_EXERCISE PROMPT_
What's needed is an exact copy of the lines from the one that contains "2012 GMC Terrain" to the end of the data below, leaving the pictures out.

_EXERCISE DATA_
____________

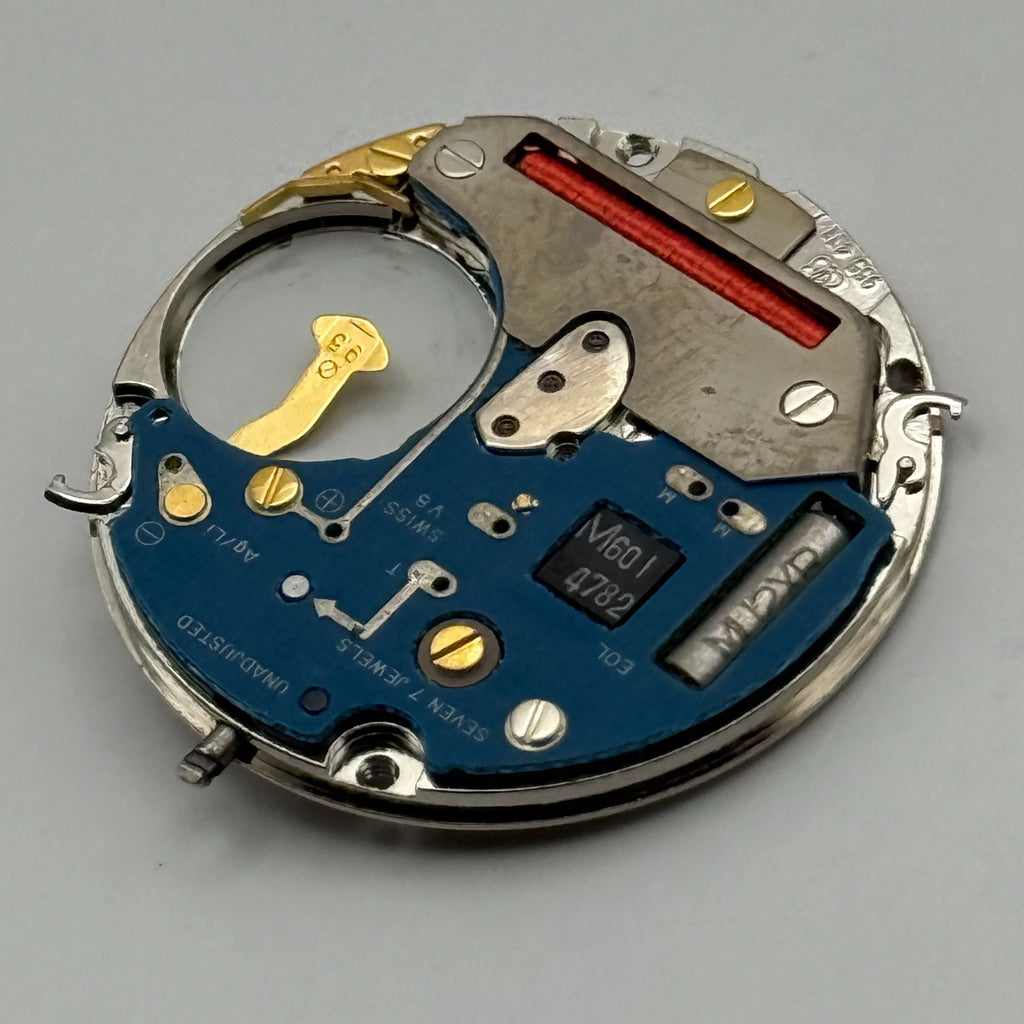 ETA 955.411 Watch Movement Quartz Unadjusted 7 Jewels Swiss Parts Repair Spares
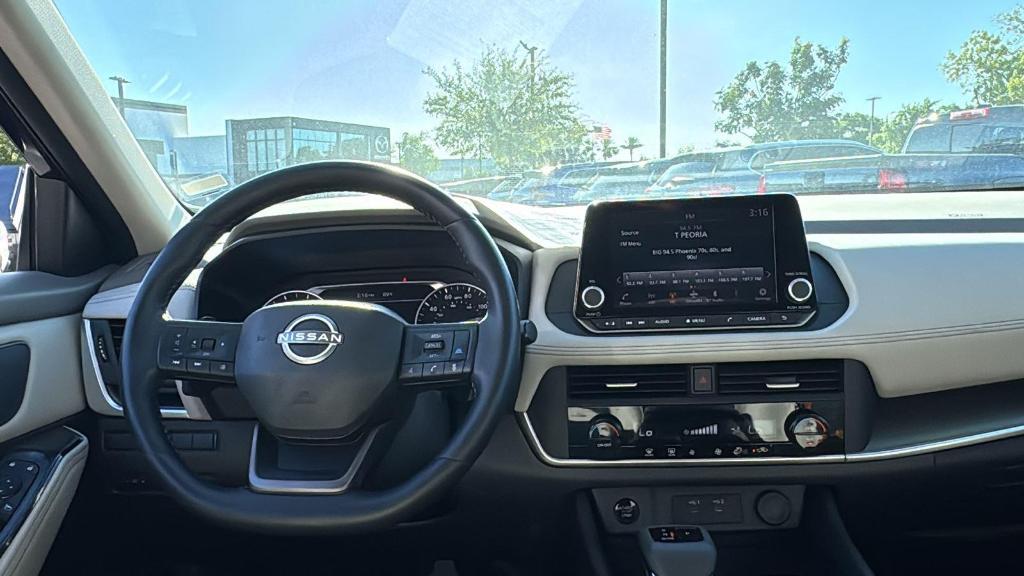 used 2025 Nissan Rogue car, priced at $24,483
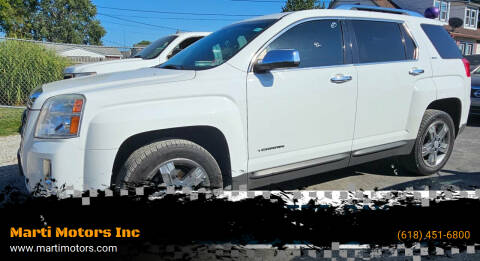 2012 GMC Terrain for sale at Marti Motors Inc in Madison IL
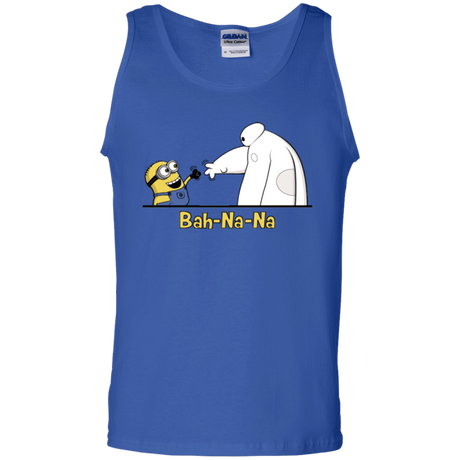 T-Shirts Royal / S Bah-Na-Na Men's Tank Top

____________

_TASK OUTPUT_
 2012 GMC Terrain for sale at Marti Motors Inc in Madison IL
 T-Shirts Royal / S Bah-Na-Na Men's Tank Top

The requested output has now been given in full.